Summary

TChIP-Seq : Type-spécifiques des cellules épigénome profilage

Published: January 23, 2019
doi:

Summary

Les auteurs décrivent un protocole étape par étape pour la chromatine tandem immunoprécipitation séquençage (tChIP-Seq) qui permet l’analyse de la modification d’histone génome cellule-spécifiques au type.

Abstract

Régulation épigénétique joue un rôle central dans l’expression des gènes. Étant donné que la modification d’histone a été découvert dans les années 1960, ses fonctions physiologiques et pathologiques ont été largement étudiées. En effet, l’avènement de la nouvelle génération séquençage en profondeur et immunoprécipitation de la chromatine (ChIP) par l’intermédiaire des anticorps spécifiques d’histone modification a révolutionné notre vision de la régulation épigénétique au sein du génome. À l’inverse, les tissus sont généralement composent de types cellulaires différents, et leur mélange complexe pose des défis analytiques pour enquêter sur l’épigénome dans un type particulier de cellules. Afin d’examiner l’état de la chromatine spécifiques à un type de cellule dans une manière de tout le génome, nous avons développé récemment en tandem la chromatine immunoprécipitation le séquençage (tChIP-Seq), qui repose sur l’épuration sélective de la chromatine par des protéines histones tagged noyau de cellule types d’intérêt, suivie par ChIP-seq. L’objectif de ce protocole est l’introduction de meilleures pratiques de tChIP-suiv. Cette technique fournit un outil polyvalent pour enquête épigénome tissu-spécifique dans les modifications d’histone diverse et organismes modèles.

Introduction

Les tissus des animaux se composent de types cellulaires différents. La régulation des gènes dans chaque cellule définit le type de cellule. Modifications de la chromatine – modification histone et de méthylation de l’ADN – sous-tendent la spécificité cellulaire de type de l’expression génique. Ainsi, la mesure de régulation épigénétique dans chaque type de cellule a été désirée, mais il a été un défi technique.

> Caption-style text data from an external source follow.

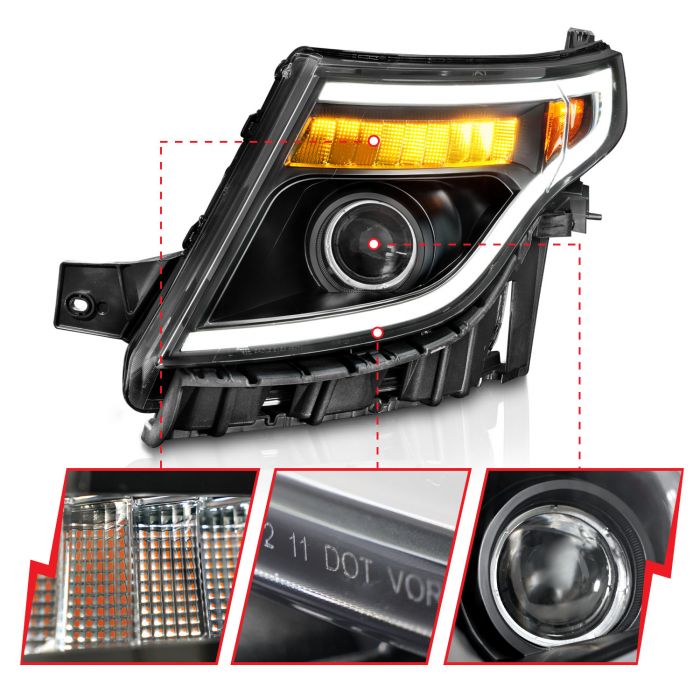 Anzo - Projector Headlights w/Light Bar Black Housing - 2011-2015 Explorer (w/Factory Halogen HL Only)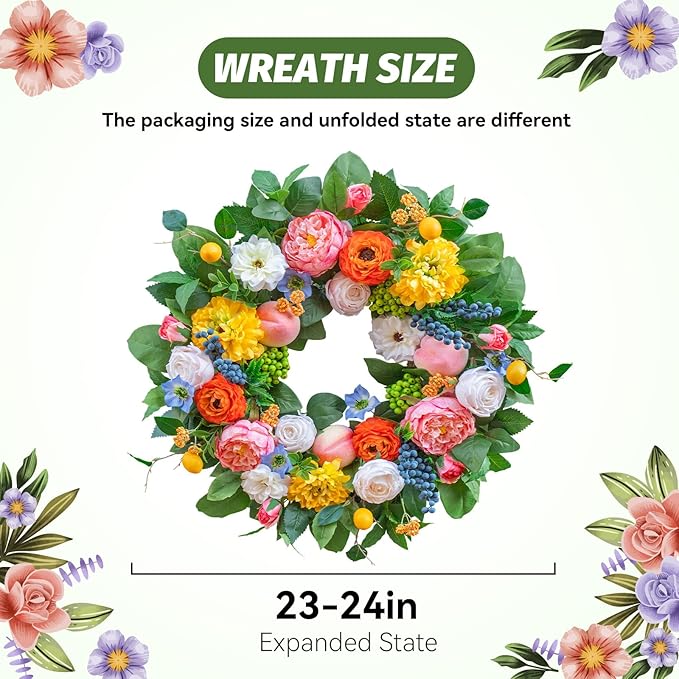 Pinkpuii Spring Wreaths for Front Door 24 Inch Vibrant Spring Summer Wreath with Peonies,Roses,Marigolds,Blueberries & Realistic Fruit Accents (Peach, Lemon)- Ideal for Porch,Entryway,Wall,Window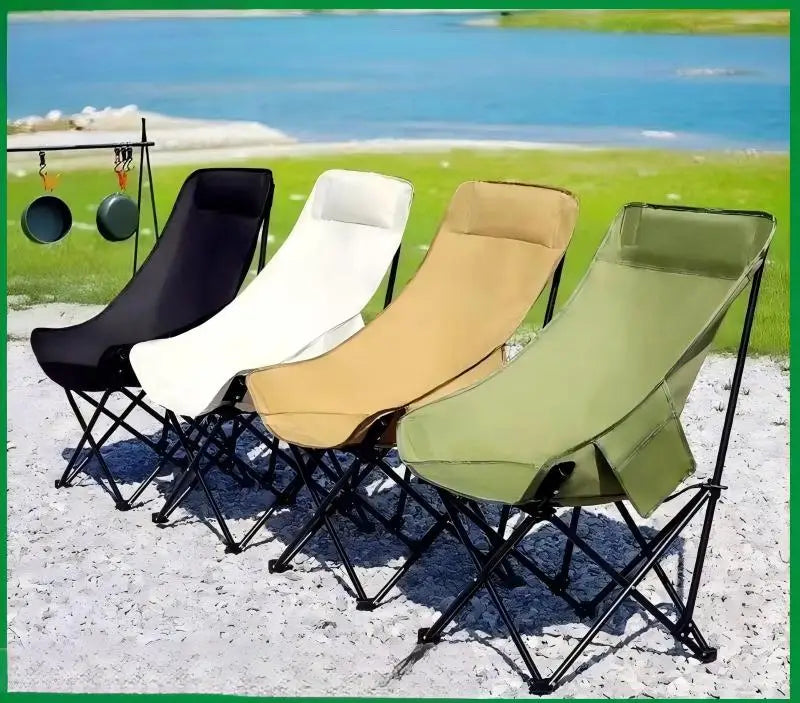 High-Back Moon Chair Bamboo Portable Folding Beach Camping Chair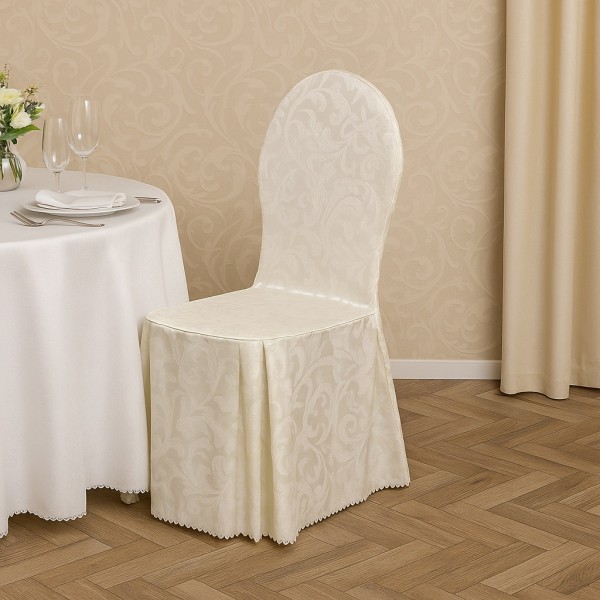 Pokrowiec na krzesło bankietowe z okrągłym oparciem biały
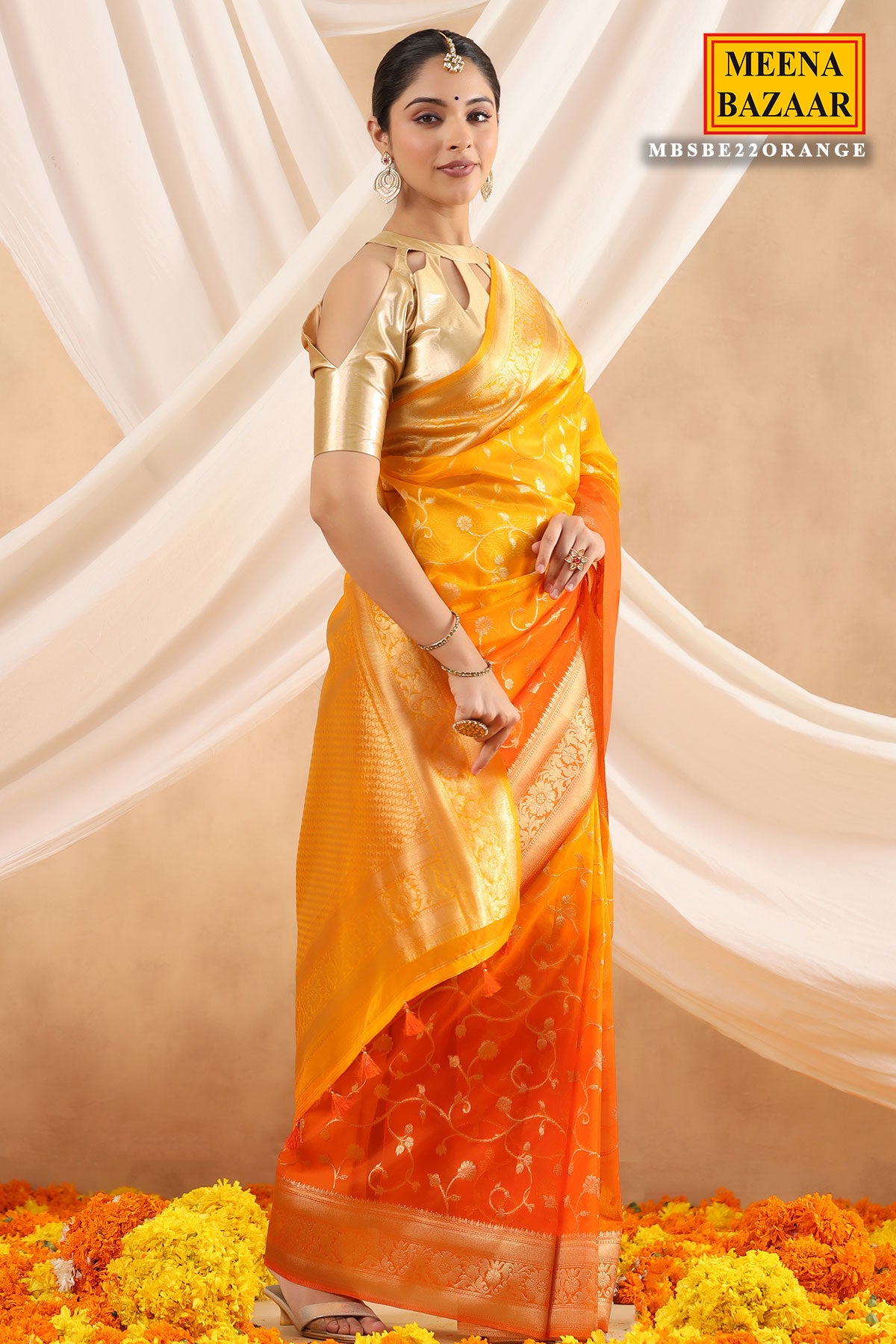 Orange Ombre Kora Woven Saree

Pour étudier l’épigénétique dans un type particulier de cellules, le séquençage de l’immunoprécipitation de la chromatine en tandem (tChIP-Seq) a été récemment mis au point ()Figure 1)1. TChIP, protéine de noyau épitope-tag histone H2B est exprimée d’un instigateur de cellule-spécifiques au type. Cette fonctionnalité permet l’isolement des chromatines des cellules d’intérêt, même si le matériel commence à partir d’un mélange de différents types de cellules. Suivant ChIP-Seq — purification de la chromatine via une marque modifiée-histone et séquençage en profondeur de prochaine génération isolé ADN — nous pouvons surveiller l’état épigénétique du type cellulaire ciblée de manière génome-large.

En utilisant cette technique, nous avons étudié récemment triméthylation neurone-spécifique de l’histone H3 protéine sur la lysine 4 (H3K4me3) marques. Dans cette étude, nous avons développé une souris knock-in dans lequel terminalement H2B indicateur-étiquetées protéine a été exprimée lors de la recombinaison Cre-mediated (Rosa26CAG floxed-pA H2B-drapeau). Par croisement avec une souris possédant le gène de Cre-réticulum endoplasmique (re) sous le contrôle du promoteur CamK2a, la lignée de souris obtenue induit H2B-drapeau en neurones actifs sur le tamoxifène injection (Camk2aH2B-drapeau)1. A partir de cerveau de la lignée de souris établie, nous avons effectué tChIP-Seq avec anticorps anti-H3K4me3. Étant donné que les marques de H3K4me3 correspondent souvent aux régions promotrices, nous pourrions découvrent des centaines de mRNA spécifiquement exprimé dans les neurones1.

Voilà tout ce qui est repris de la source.